Exercise prompt - With the pictures left out, write out the records verbatim.

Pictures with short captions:
'''
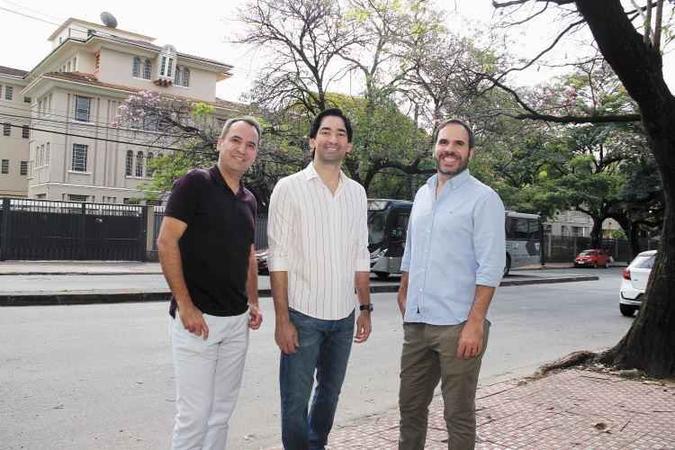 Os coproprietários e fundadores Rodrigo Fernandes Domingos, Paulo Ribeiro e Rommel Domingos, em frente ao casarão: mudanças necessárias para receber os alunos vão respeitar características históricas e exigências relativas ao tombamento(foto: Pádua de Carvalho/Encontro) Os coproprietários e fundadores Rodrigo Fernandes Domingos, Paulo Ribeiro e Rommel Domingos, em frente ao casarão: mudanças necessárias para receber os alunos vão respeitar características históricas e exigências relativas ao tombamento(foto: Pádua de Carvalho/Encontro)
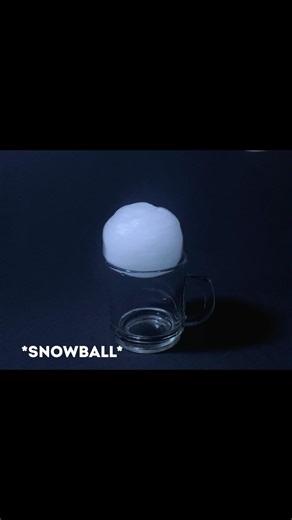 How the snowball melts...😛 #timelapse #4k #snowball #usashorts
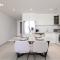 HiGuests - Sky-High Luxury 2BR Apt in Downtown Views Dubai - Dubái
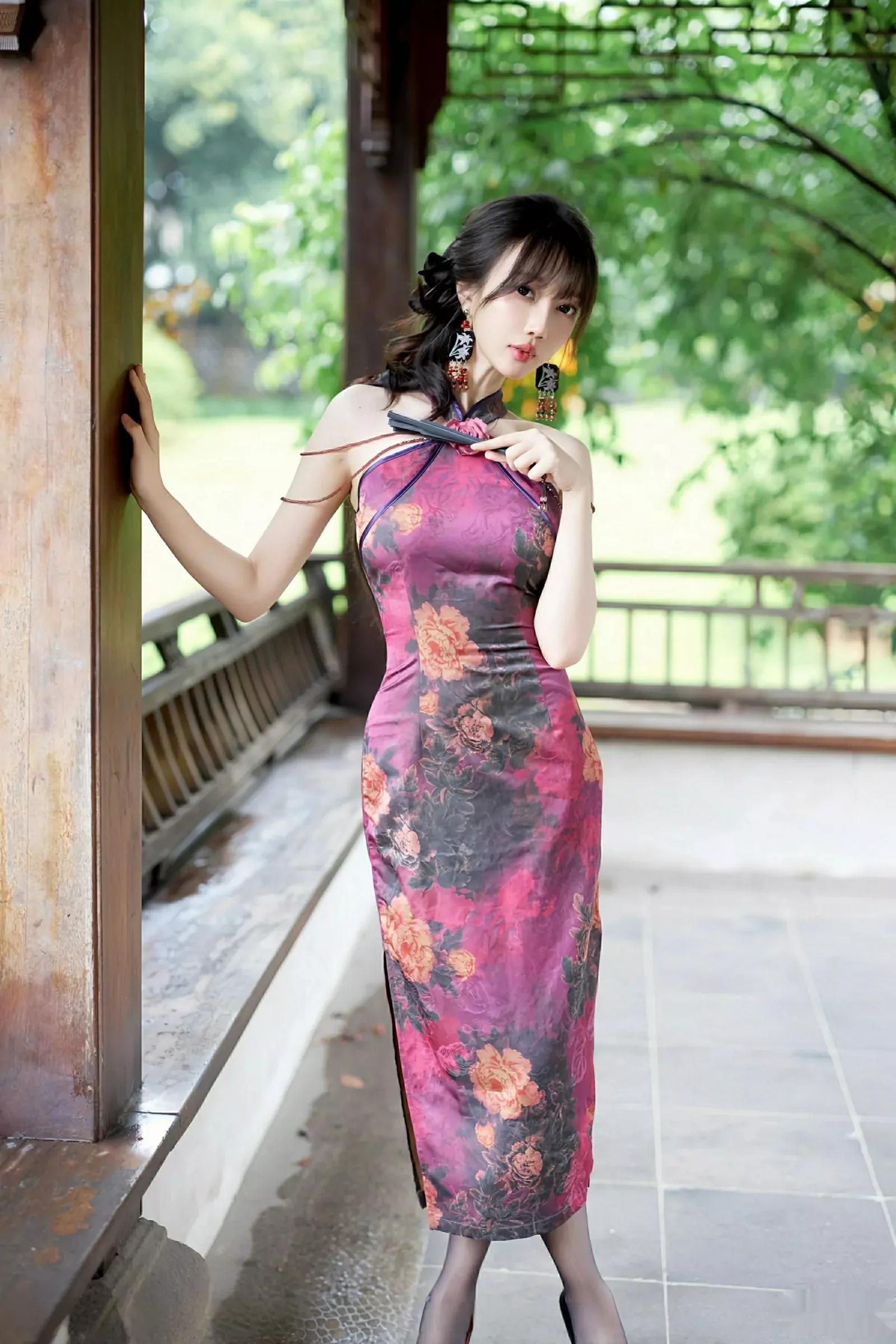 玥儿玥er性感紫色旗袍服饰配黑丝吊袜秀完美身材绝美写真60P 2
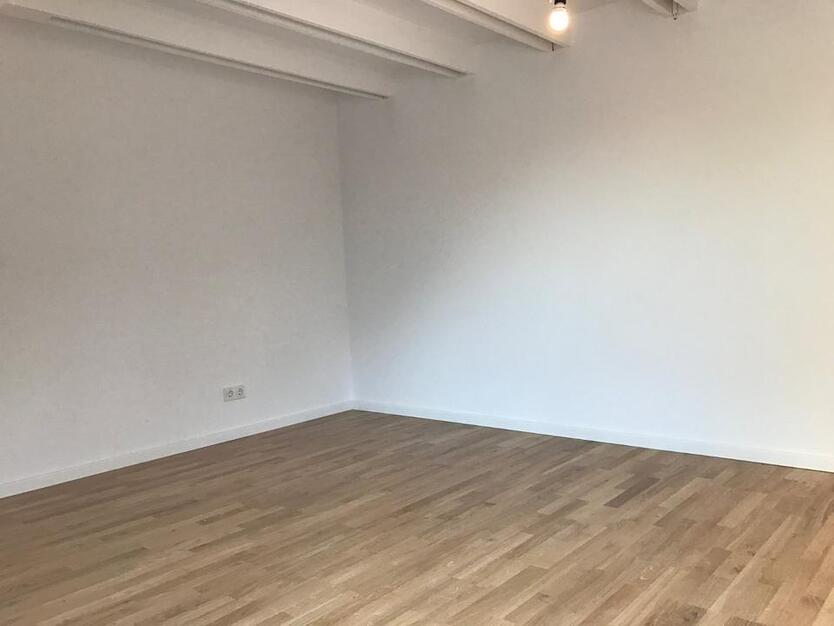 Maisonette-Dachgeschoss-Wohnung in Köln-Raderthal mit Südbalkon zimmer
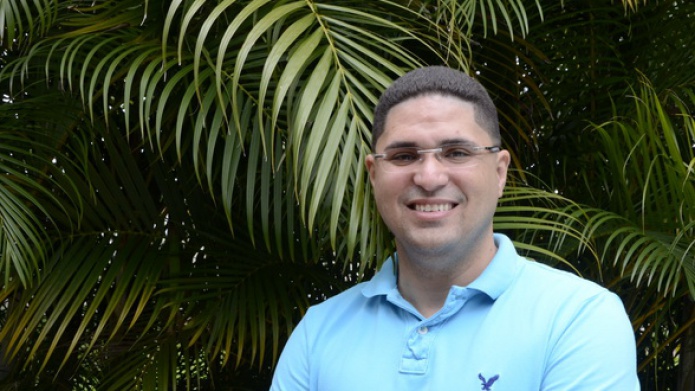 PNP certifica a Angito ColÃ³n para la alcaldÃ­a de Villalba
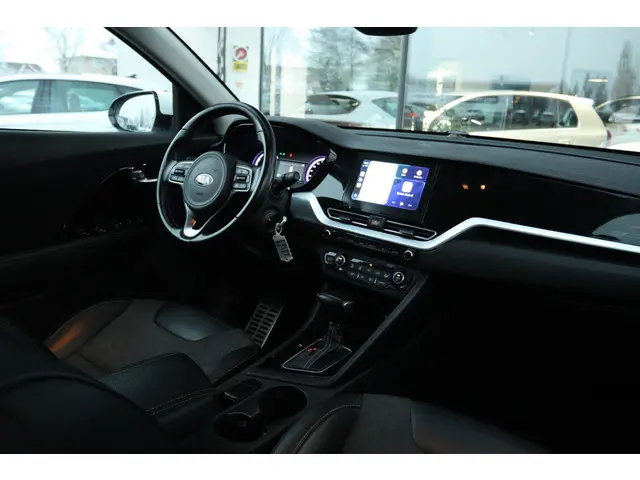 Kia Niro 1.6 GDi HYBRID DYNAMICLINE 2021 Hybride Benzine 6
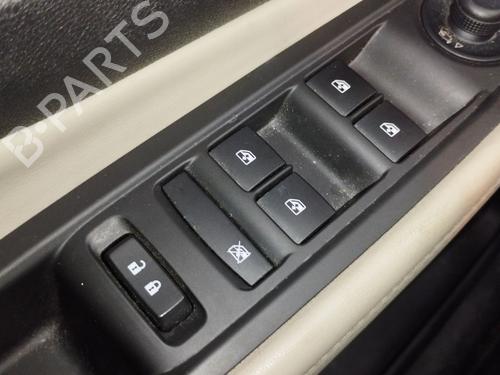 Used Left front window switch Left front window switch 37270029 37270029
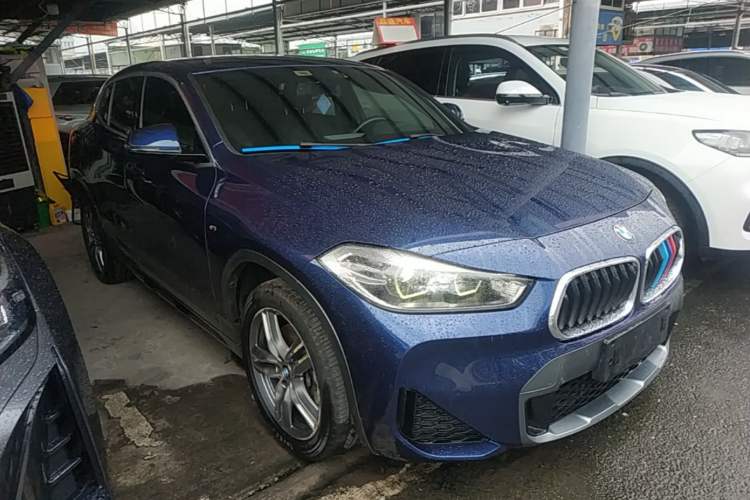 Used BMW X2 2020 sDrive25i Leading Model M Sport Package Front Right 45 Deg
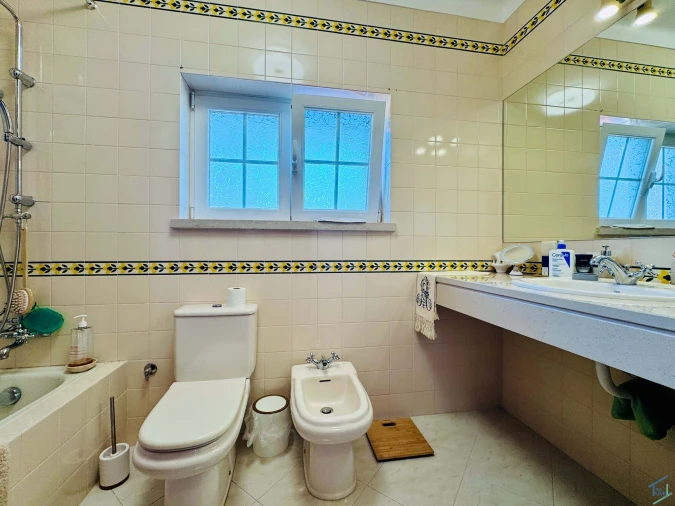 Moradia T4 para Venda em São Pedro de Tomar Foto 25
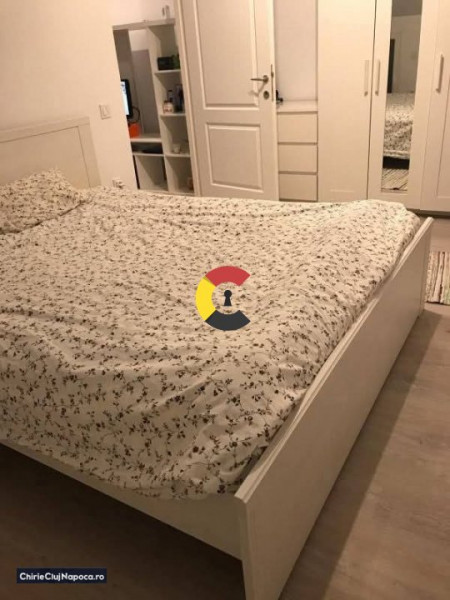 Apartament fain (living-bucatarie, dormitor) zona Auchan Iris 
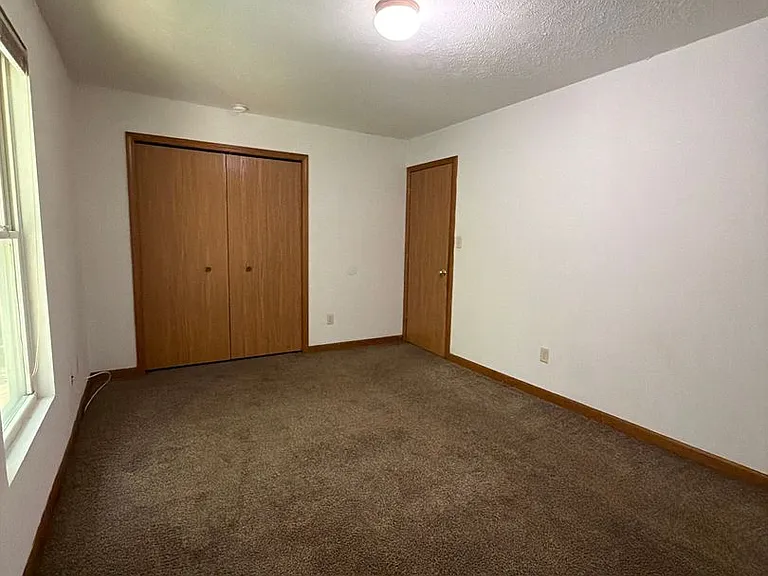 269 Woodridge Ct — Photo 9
'''
Task solution -
 Os coproprietários e fundadores Rodrigo Fernandes Domingos, Paulo Ribeiro e Rommel Domingos, em frente ao casarão: mudanças necessárias para receber os alunos vão respeitar características históricas e exigências relativas ao tombamento(foto: Pádua de Carvalho/Encontro) Os coproprietários e fundadores Rodrigo Fernandes Domingos, Paulo Ribeiro e Rommel Domingos, em frente ao casarão: mudanças necessárias para receber os alunos vão respeitar características históricas e exigências relativas ao tombamento(foto: Pádua de Carvalho/Encontro)
 How the snowball melts...😛 #timelapse #4k #snowball #usashorts
 HiGuests - Sky-High Luxury 2BR Apt in Downtown Views Dubai - Dubái
 玥儿玥er性感紫色旗袍服饰配黑丝吊袜秀完美身材绝美写真60P 2
 Maisonette-Dachgeschoss-Wohnung in Köln-Raderthal mit Südbalkon zimmer
 PNP certifica a Angito ColÃ³n para la alcaldÃ­a de Villalba
 Kia Niro 1.6 GDi HYBRID DYNAMICLINE 2021 Hybride Benzine 6
 Used Left front window switch Left front window switch 37270029 37270029
 Used BMW X2 2020 sDrive25i Leading Model M Sport Package Front Right 45 Deg
 Moradia T4 para Venda em São Pedro de Tomar Foto 25
 Apartament fain (living-bucatarie, dormitor) zona Auchan Iris 
 269 Woodridge Ct — Photo 9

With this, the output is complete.